After a Friday evening casting flies across the gentle, clear waters of the Green River as ospreys soared overhead, Saturday with my family and friends I floated down the first stage of the Green River from Flaming Gorge dam to the prosaically-named Little Hole. We went through deceivingly-simple rapids that threatened, in one case, to sink us, all the while gazing up at the majestic red-rock cliffs.
My friend caught two beautiful german brown trout and that night I cooked them over coals with no more than a little white wine, lime slices, rock salt and pepper, the smoke rising up through the nearby pines beneath a night sky incandescent with stars. The freshness of the meat, its tenderness, was beyond words.
That we caught fish surprised me, given how the river was inundated with rafts of screaming teens and ebullient adults spraying each other with water guns. "Do ya think I'm a sexy beast?" one larger-than-life individual bellowed from a raft.

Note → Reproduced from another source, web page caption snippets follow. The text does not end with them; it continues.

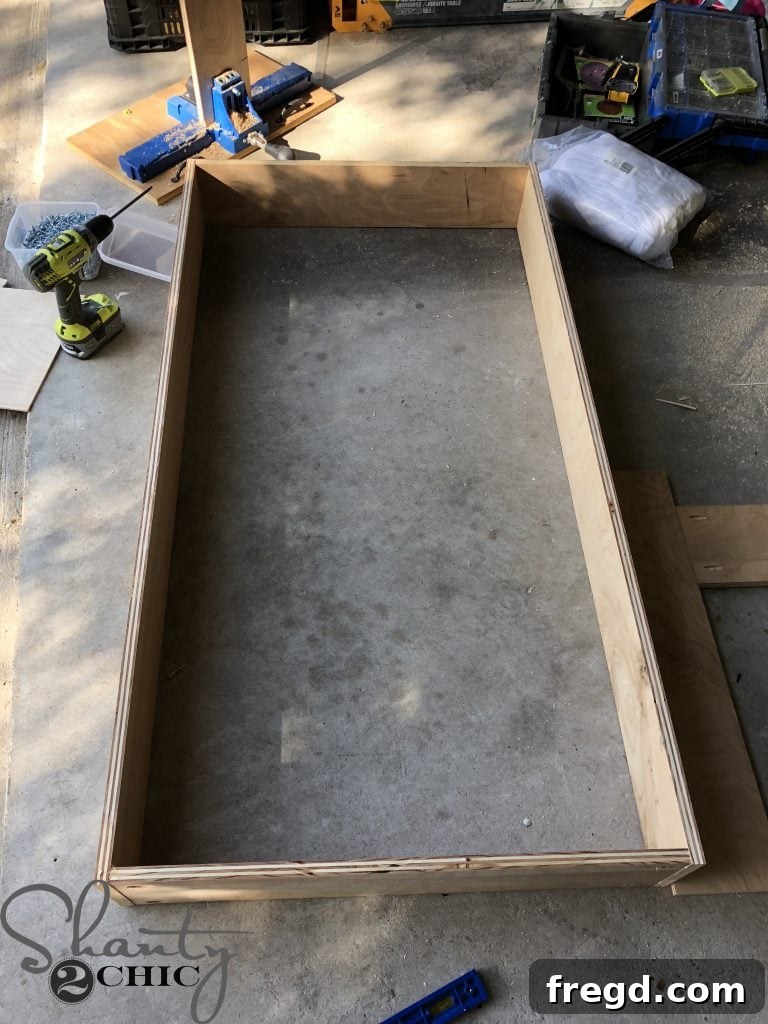 Assembling the taller cabinet shelf boxes for additional storage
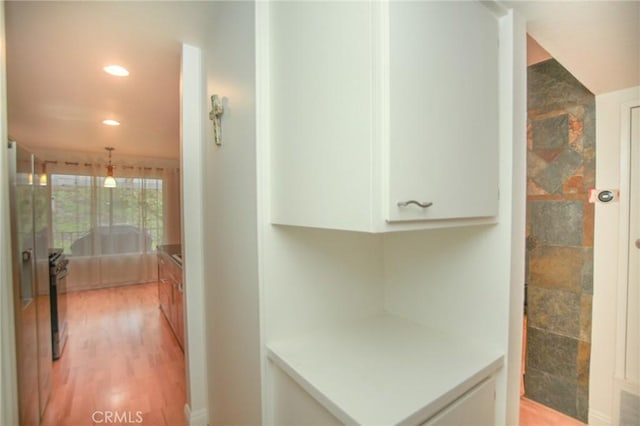 bathroom with recessed lighting and wood finished floors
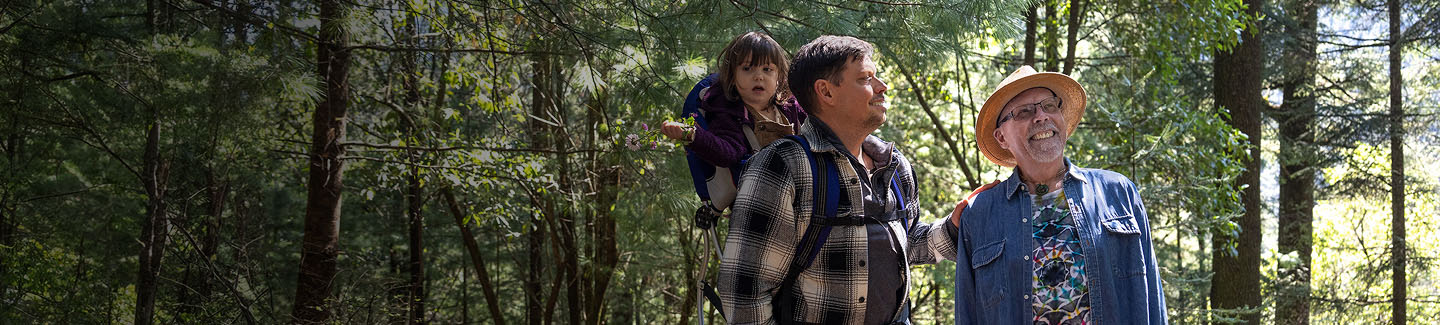 Two men hiking in the woods with a young child in a back harness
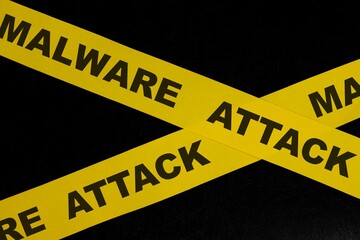 Malware attack cybercrime alert, caution and warning concept. Yellow barricade tape with word in dark black background.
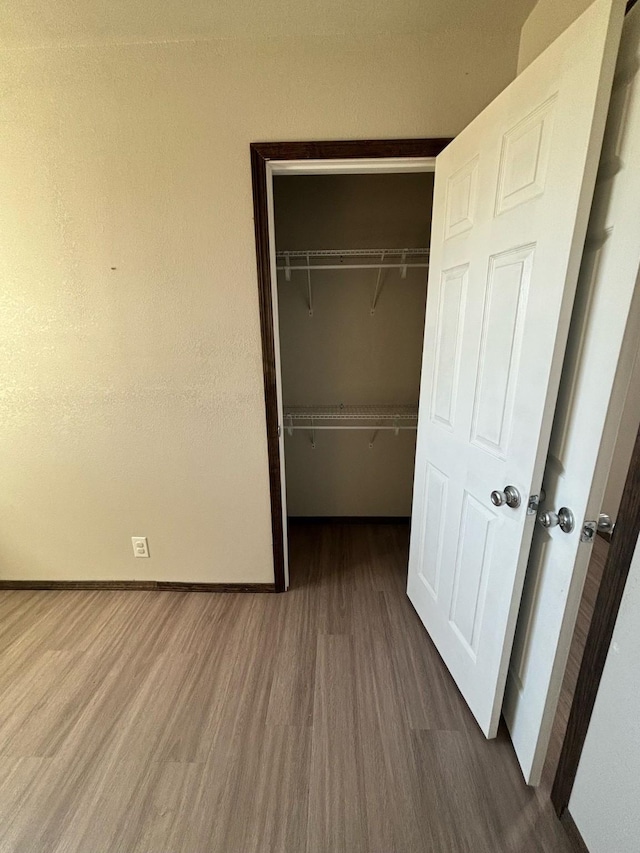 unfurnished bedroom featuring dark wood-type flooring and a closet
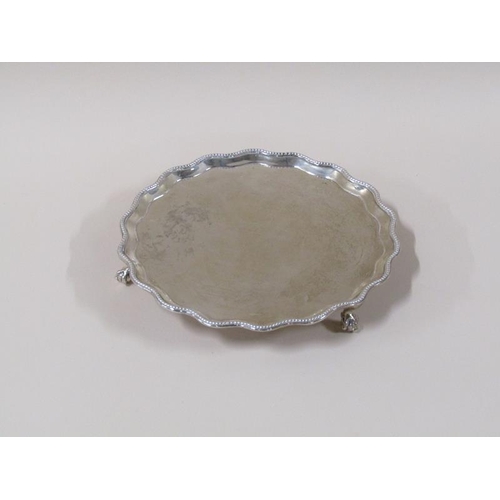 1758 - A late Georgian silver salver of circular form with a shaped raised and beaded border supported on t... 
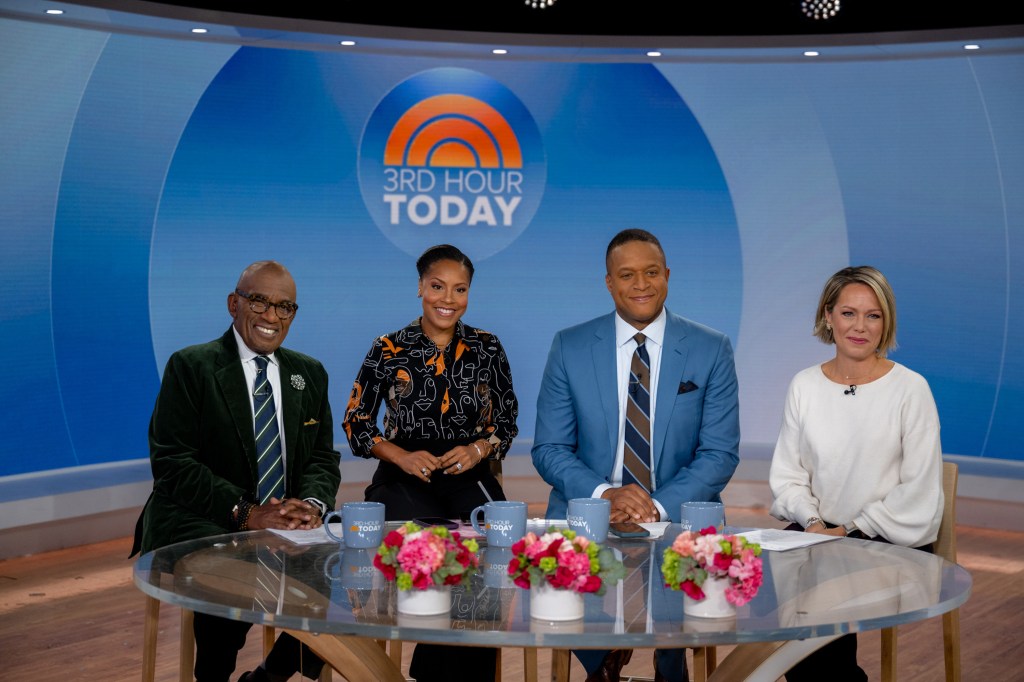 Al Roker, in a black blazer and striped tie, Sheinelle Jones, in a black pattered dress, Craig Melvin,in a blue suit and striped tie, and Dylan Dreyer, in a white dress, sitting at a table with 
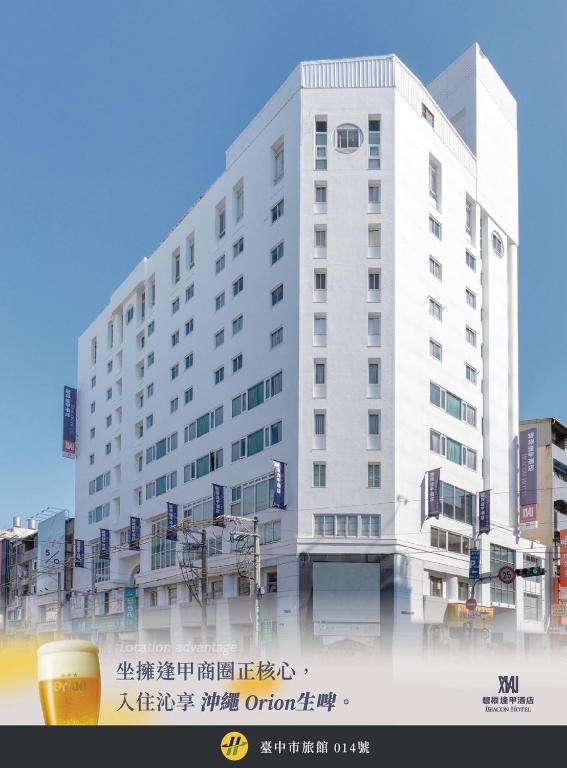 a white building with a cup of beer in front of it at Beacon Hotel in Taichung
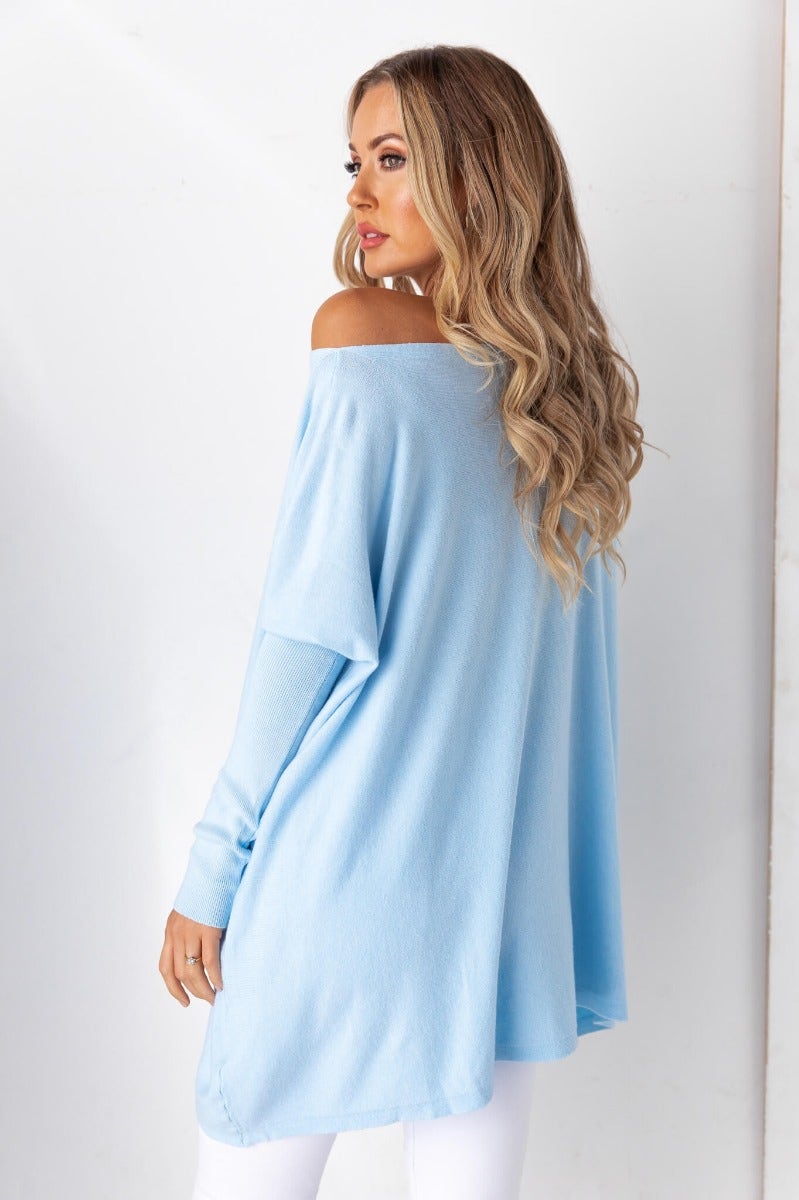 Oversized Bonnie Knit Top in light blue, featuring full-length sleeves and a relaxed fit, styled with white pants.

When we were unpacking our rafts at Little Hole, "sexy beast" was standing in front of a car, legs astraddle, hand on his hip. I couldn't work out what he was doing at first, or why the driver - presumably a friend of "sexy beast" - was repeatedly honking his horn while his female passenger stared fixedly ahead. It was only when "sexy beast" shifted position that I realised he was urinating on the car's fender.